Abandoned underground mall
For 50 years, Barcelona’s Avenue of Light was an architectural wonder -- Europe’s first underground shopping mall, spread out over 22,000sqft. Shuttered in 1990, the long walkway leading to shops, offices, and even a cinema are still mostly closed to the public. However, there is one part that still can be seen, a corridor leading to Sephora.
Networks of catacombs
Rome’s definitely winning in the catacombs department, with at least 40 underground burial sites. Most of the tunnels can be viewed on guided tours including the popular Catacombs of St. Callixtus, which is made up of papal crypts and ancient Christian artifacts. If you’re up for a grotto that’s a little more bizarre, there’s the Capuchin Crypt -- here, the bones of over 4,000 monks are arranged into vertebrae clocks and chandeliers.
For centuries, this network of 300 chambers and multiple passages helped villagers escape from war and plundering. Peasants settled here, building homes with fireplaces and even space for livestock, and the underground city later became a strategic location in both World Wars. Today, Naours is a well-known tourist attraction two hours north of Paris.
London, United Kingdom
Tunnels, bunkers, and shelters
London’s underground is not just the tube, but also a lesser-known maze of intricate underpasses and rooms left over from WWII. Most famous is the Cabinet War Rooms, a former command center that can now be seen as part of the Imperial War Museum. It’s the only military bunker in central London that’s open to the public.
Underneath Istanbul lies the Basilica Cistern, a collection of underground water storage used to sustain Constantinople and the Byzantine Empire. Built 2,000 years ago, today the cisterns -- and their ancient columns with Medusa carvings -- are one of the city's major attractions. It’s even been featured in the James Bond flick From Russia with Love and the video game, Assassin’s Creed: Revelations.
The mines and catacombs
Paris’ underground network spans hundreds of miles; with tunnels connecting caves and quarries. Much of its illegal to explore (police officers are known to hand out tickets down there), but the Catacombs of Paris can be visited on public tours. At this subterranean cemetery, you can see the bones of six million (!!) people adorning the walls, in freaky skull and shinbone designs.

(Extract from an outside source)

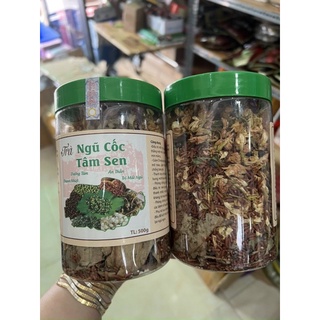 Trà ngũ cốc tâm sen gạo lứt đậu đen hoa hoè 500G, trà tâm sen ngủ ngon 100% organic an toàn, dành cho mọi lứa tuổi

Tunnels, bunkers, and shelters
Berlin’s subterranean is a serious labyrinth, made up old Nazi tunnels connecting bunkers, air raid shelters, and even the Third Reich’s former aircraft factory. There’s even an unfinished underground highway, designed for Hitler’s world capital Germania. An organization called Berlin Underworld provides guided tours of the tunnels, and even still carries out excavations to find new shafts and dwellings.